We also realize that all is not what it seems. Snape was never really evil—he was keeping a cover in order to protect Harry. Again, love saved Harry. Because Snape had loved Lily, he chose to protect the part of Lily that remained—Harry. He also chose to follow Dumbledore’s wishes and be the one who killed Dumbledore in order to be part of a bigger plan. All of these decisions, cause us to reflect on our own roles and choices? While it may seem at times that our fate has been determined (as Harry often felt), God gives us the ability to choose. And, we are not in our struggle alone.
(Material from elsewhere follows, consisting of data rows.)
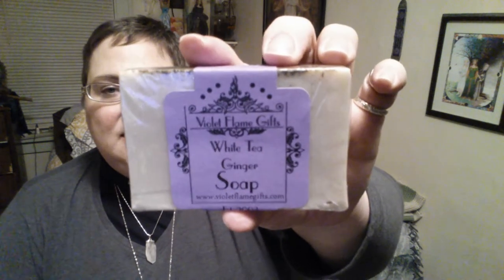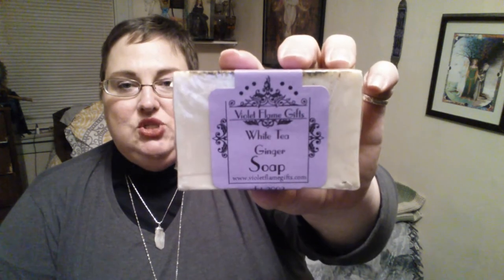Now we're down to the bag — the little stuff. I brought back something for my roomie: a white tea and ginger soap by a company called Violet Flame Gifts. They make soaps, lotions, and great products — this one smells really good. I also bought her a magical candle from Coventry Creations, but I didn't want to share it here since that's personal magic for her.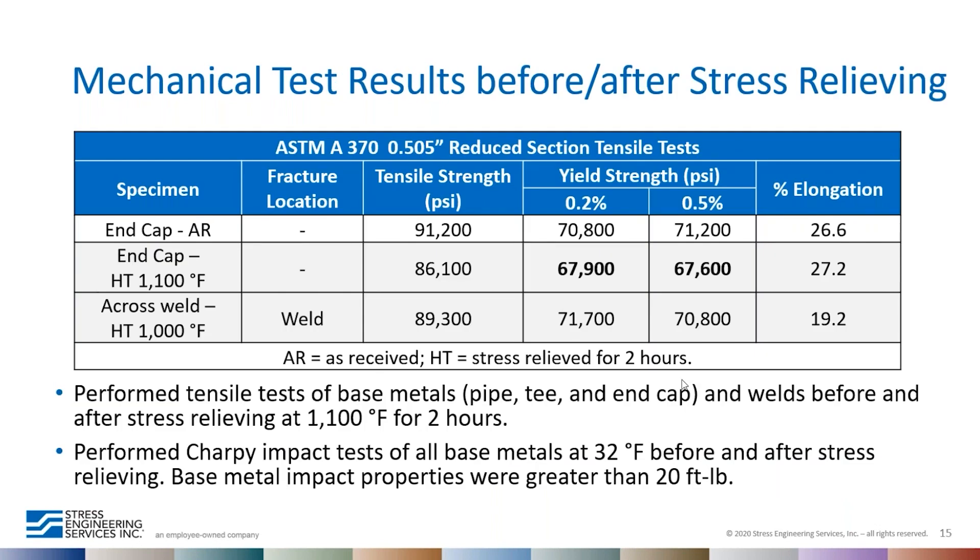Tensile and Charpy impact tests were performed on the pipe, tee, end cap, and welds to verify material properties before and after simulated stress relieving at 1100°F for two hours. We noticed that the end cap yield was falling below 70 KSI when stress relieving at 1100°F, which is not acceptable. So the stress relieving temperature was changed to 1000°F. A simulated stress relief at 1000°F was performed and an across-the-weld tensile test showed the yield at 71.7 KSI — the end cap at 1000°F stress relief was acceptable, above the required 70 KSI.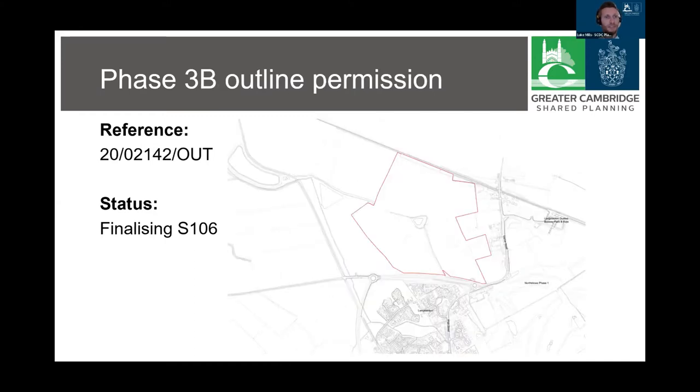Phase 3b is in the same position, having been considered by the planning committee on the 28th of February. This map shows the extent of the site between Longstanton to the south, the guided busway to the north and North Stowe Phase 1 to the east. The development includes up to 1,000 homes, a primary school, a mixed use zone, open space and landscaping.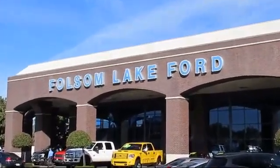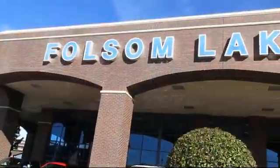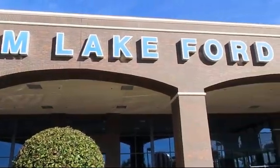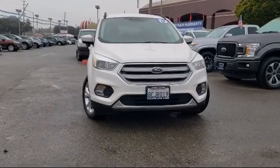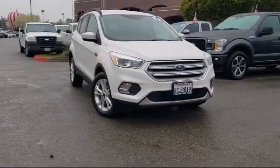For over 25 years, Folsom Lakeford has been providing the Sacramento area with great deals and award-winning service. And here's another look at a great vehicle from our huge selection of pre-owned cars, trucks, and SUVs.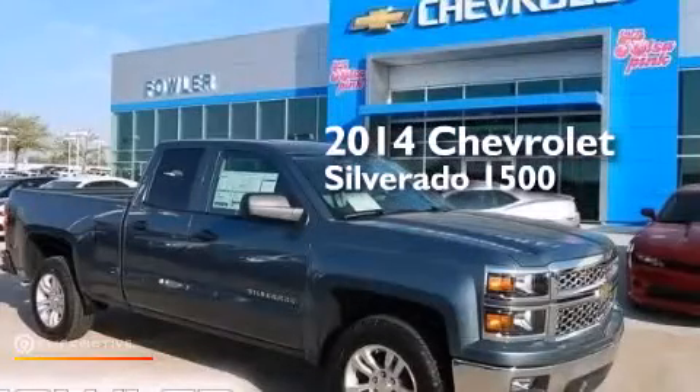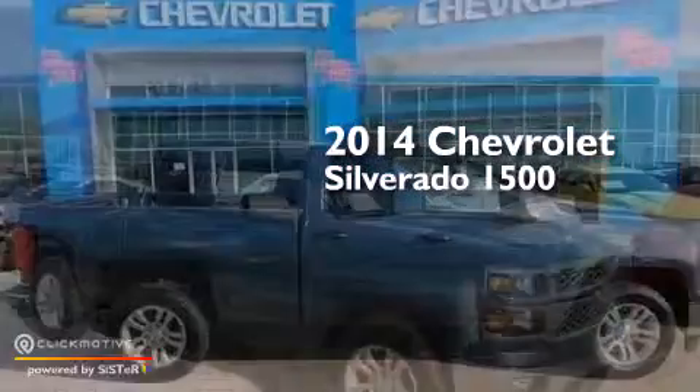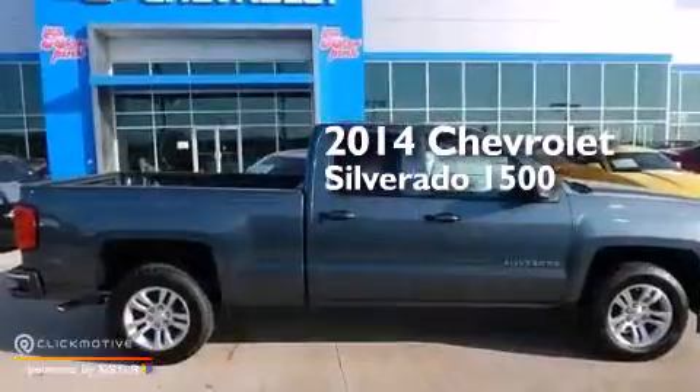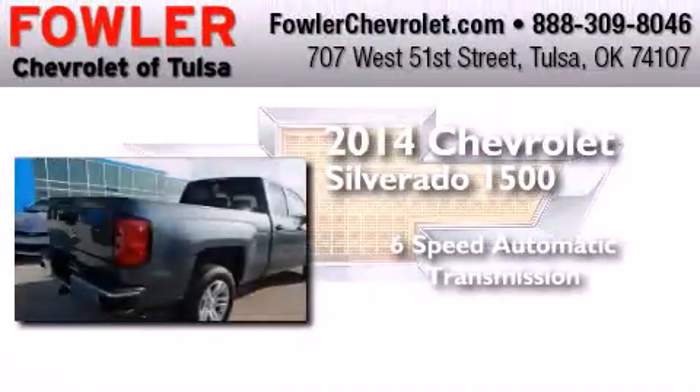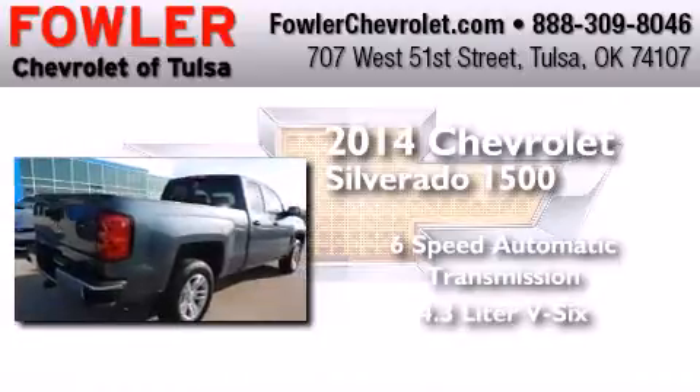This is a brand new 2014 Chevrolet Silverado 1500. This truck has a 6-speed automatic transmission and a 4.3-liter V6.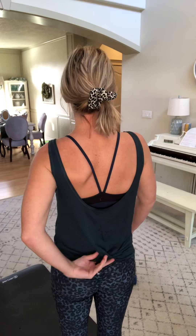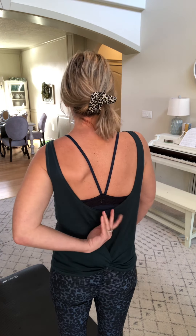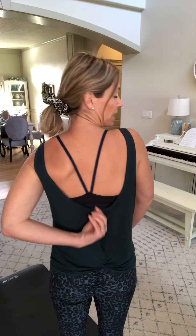It hits me right about there and on the back it has this knot which is tied permanently, and then the top of the tank is right here.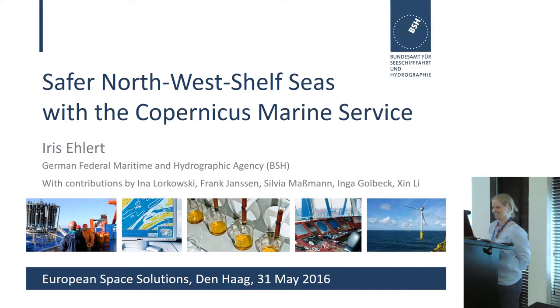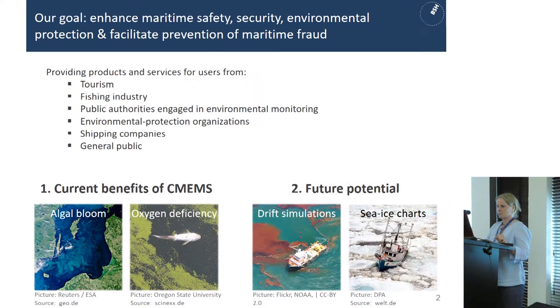Good afternoon everybody. Thank you for the invitation. Maybe you have an explanation for the empty room, but it's not very full. Cecile said I'm from BSH in Germany. The BSH in the Siemens context is a core service provider and intermediate user. My talk will include contributions from my colleagues, so if you have any questions concerning the figures I show, just contact me after the talk.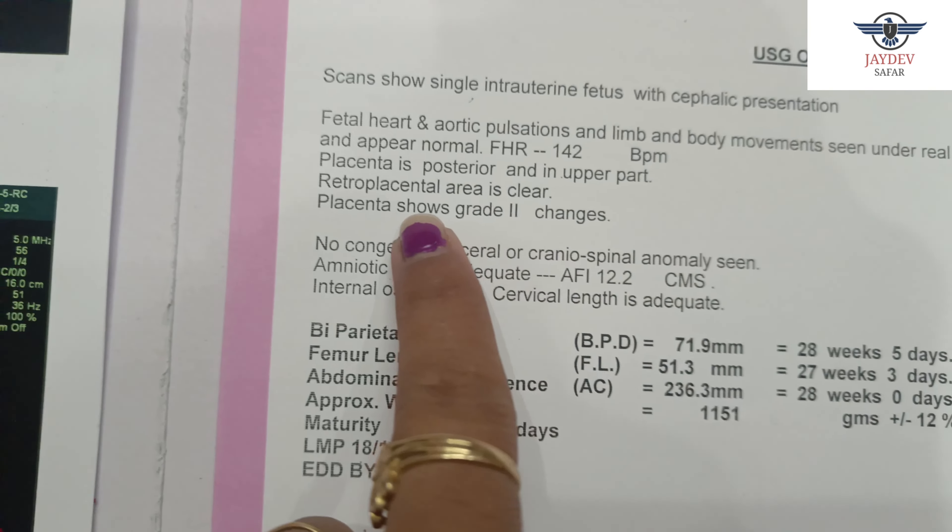LMP was 18 November 2020. The expected date of delivery according to ultrasound is 25 August 2021. In the impression, it says single live fetus of 27 weeks, 5 days. This was my growth scan which I shared with you.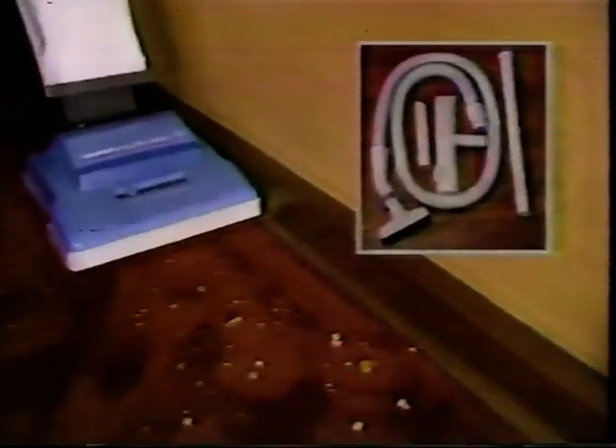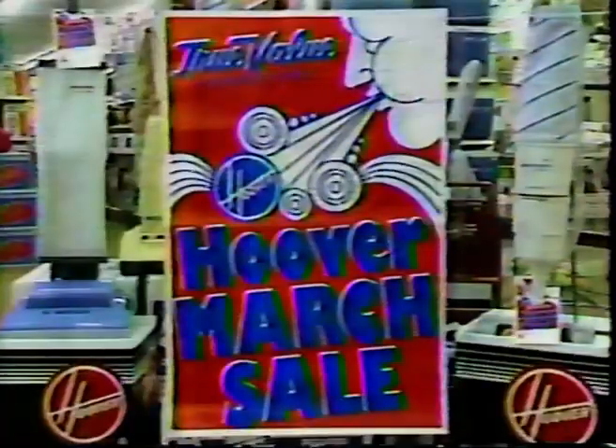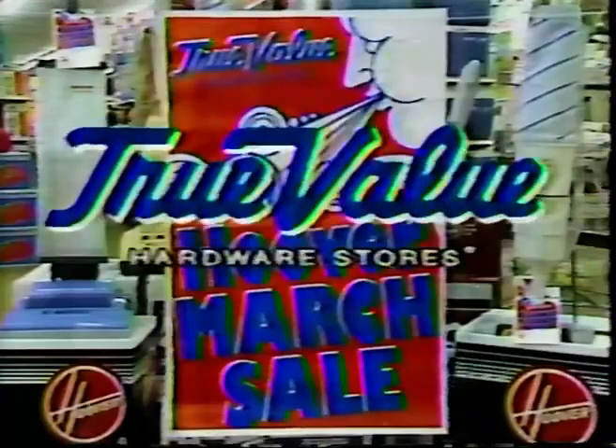For heavy-duty carpet cleaning, choose this lightweight Hoover Elite 300 with a five-piece tool set. It's only $79.99 at participating True Value hardware stores at home centers.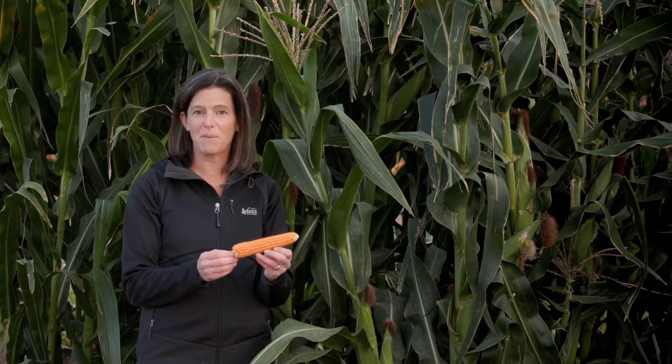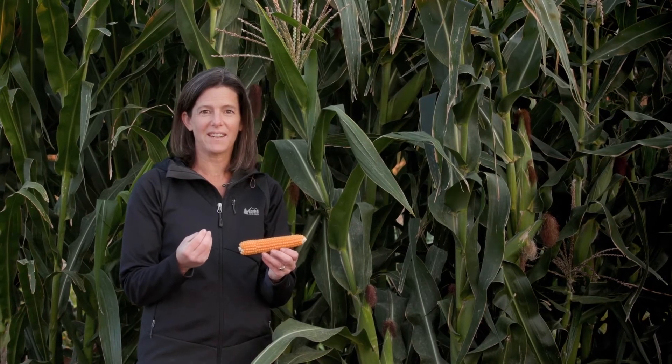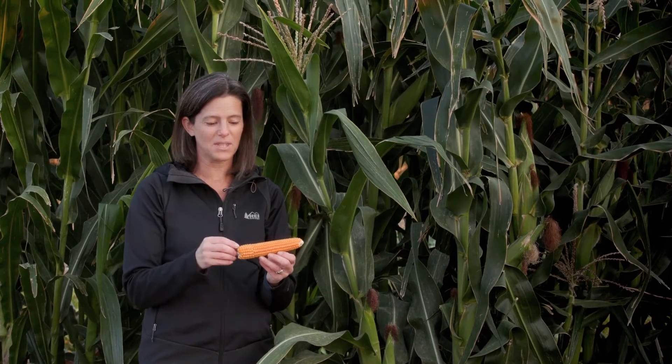Have you ever thought about what makes popcorn pop? It's that little bit of moisture — as it gets really hot, it expands, turns into steam, and that's what explodes that kernel coating to give you the popcorn.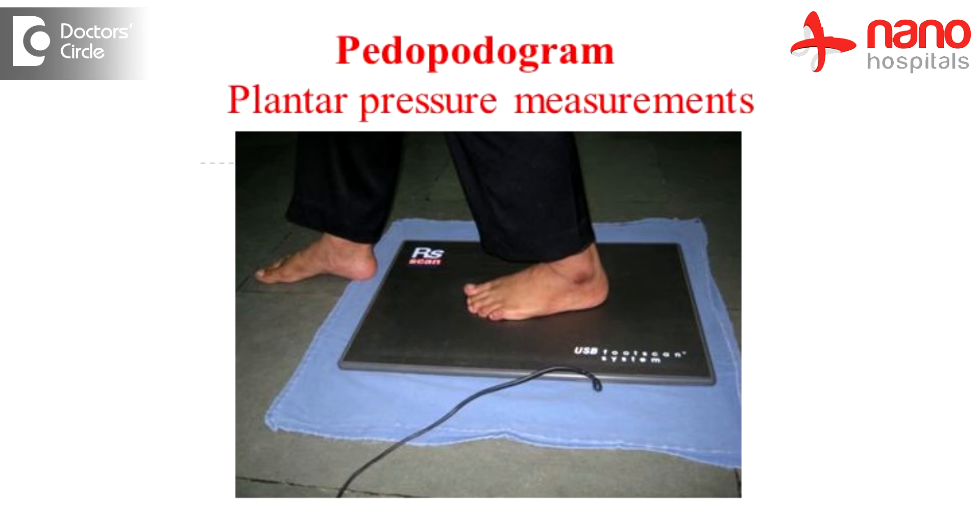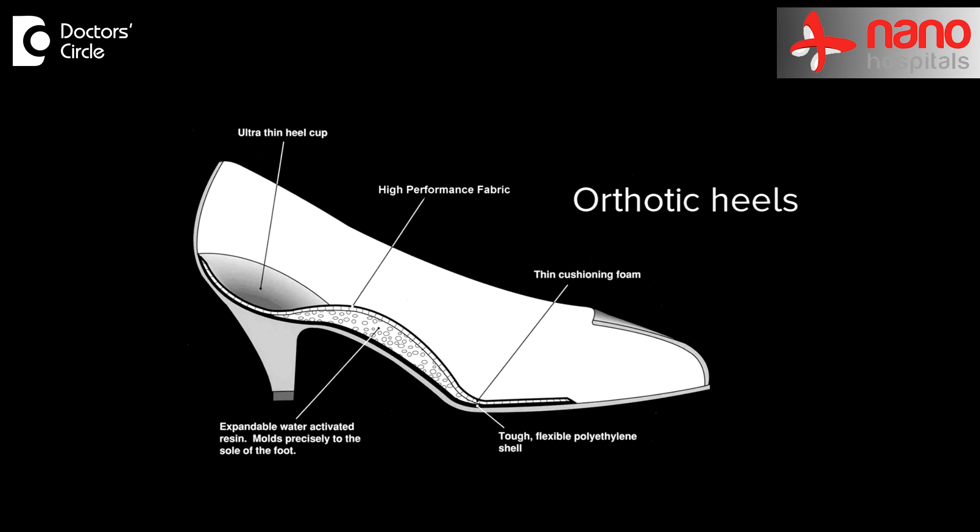If the hyperpronation is corrected with a proper customised insole — whether manual or done with a CAD-CAM — after identifying the pronation with an ampedopodogram, using a proper orthotic insole and eccentric stretches will heal most of the heel pains.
This also brings up the question of Dumbledore. Is he intended to resemble God? I don’t believe so. I see him as fellow struggler with much wisdom—more like a prophet or saint. Remember, Dumbledore in his early years desired power and control. He sought the Deathly Hallows and as a result caused much pain and suffering for his sister and brother. God would never have these struggles, for he is perfect. In the end, Dumbledore learned what he inscribed on his sister’s head stone: “Where your treasure is . . . there will your heart be also” – a direct quote from Matthew 6:19-24. And in learning this lesson, like any good teacher or prophet, he passed it along to Harry and his friends. We see this when Harry is holding the Elderwood Wand and thus possessing the power and control sought by many. Remembering the lessons of Dumbledore and Voldemort, Harry chooses to break the wand and to turn his heart to other things—like love.
Death and Afterlife
Throughout the entire series, we are called to reflect on death and the afterlife. Harry mourns the loss of his parents and yearns for them in the Mirror of Erised. When Serius dies, he seeks him in a broken mirror and also wonders what is behind the curtain where dead people seem to be conversing. In the Deathly Hallows, Harry is surrounded by his deceased loved ones as he walks to hand himself over to Voldemort. His loved ones reveal that they have always been with him. After Harry dies, Harry goes to a cleaner Kings Crossing where he converses with Dumbledore and wonders if it is all in his head. Dumbledore tells Harry that of course it is in head—but that doesn’t make it any less true. And when it is announced that Harry has died, Neville (not knowing Harry is alive) pronounces that it does not matter because our loved ones never leave us when they die. They remain with us in our hearts. All of these moments give us a chance to reflect on our own questions about death and the afterlife—to mourn our losses and heal. As Christians, we can share our questions, experiences, and beliefs. And when we (like Harry), wonder if it is all in our head, we can remind each other that: “Of course it is in our heads. But that doesn’t make it any less true!”